Semi perfetti dopo millenni

“L’eccezionalità di questa scoperta – dichiara Gianluigi Bacchetta, direttore scientifico del Centro Conservazione Biodiversità – è anche lo stato di conservazione di questi prodotti: praticamente perfetti, grazie all’assenza di ossigeno e alla forte umidità. I semi sono arrivati a noi così come sono stati posti nei pozzi”.
In collaborazione con la Soprintendenza per i Beni Archeologici per le province di Cagliari e Oristano, gli oltre 15mila semi di vite ritrovati nel sito nuragico, sono stati poi datati al Carbonio14 come risalenti a circa 3.000 anni fa, periodo di massimo splendore della civiltà nuragica, scoprendo così che la viticoltura come la conosciamo noi oggi era già nota ai nostri antenati ben prima dell’arrivo di Romani e Fenici.

Antenati della Vernaccia

“Non solo – continua Bacchetta. Grazie alla perfetta conservazione si è potuto risalire anche alle varietà. In alcuni pozzi i semi appartenevano alla vite silvestre, pianta autoctona attualmente presente in Sardegna, mentre altri portavano già caratteri intermedi tra questa e le moderne cultivar di vitis vinifera. In particolare questi sembrano appartenere alle cultivar a bacca bianca, mostrando forti relazioni con le varietà di vernacce e malvasia coltivate ancora oggi proprio nelle aree della Sardegna centro-occidentale, nell’oristanese”. Gli antichi sardi quindi conoscevano la domesticazione della vite e la viticoltura, resta da stabile se conoscessero anche la vinificazione. “La nostra ricerca prosegue in questa direzione. Vicino a Monastir, in provincia di Cagliari, è stato trovato un antico torchio nuragico, età del bronzo quindi, probabilmente utilizzato per fare il vino. Ma bisogna essere cauti. In Sardegna abbiamo un enorme patrimonio archeologico accumulato nelle strutture museali, ancora da studiare per capire la paleodieta, le coltivazioni, le conoscenze dell’epoca che erano molto avanzate rispetto a quello che pensiamo noi.

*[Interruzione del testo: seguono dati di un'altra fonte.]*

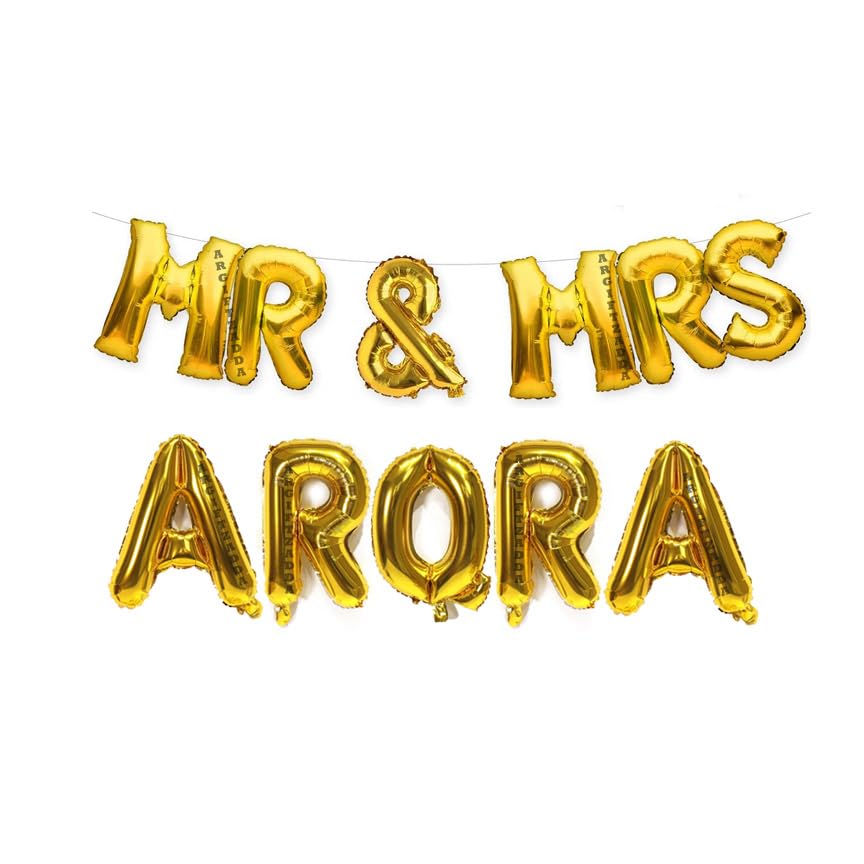 Image of AR GIFTZADDA inchMr & Mrs Arora inch Letter Alphabet Foil Balloon Golden Kit, Birthday Anniversary Theme Party, Foil Balloons, Welcome Mr & Mrs Balloons Decoartion (Mr & Mrs Arora)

Non dimentichiamo che la Sardegna era al centro di una grande rete di traffici che portava il vino sardo, e non solo quello, da una parte all’altra del Mediterraneo tra il primo e il secondo millennio prima di Cristo”. Un’attività vitivinicola fiorente testimoniata dal ritrovamento di anfore vinarie da trasporto provenienti dalla Sardegna, le cosiddette «zit a», un po’ dappertutto nel Mediterraneo occidentale, fino a Cartagine.
Prossimo passo consisterà quindi nel mettere in connessione l’enorme patrimonio archeologico sardo per approfondire usi e costumi alimentari di questa antica popolazione e stabilire le relazioni con quelli attuali, in sinergia con la Banca del Germoplasma che raccoglie, studia e classifica tutti i taxa vegetali endemici, rari, minacciati della Sardegna.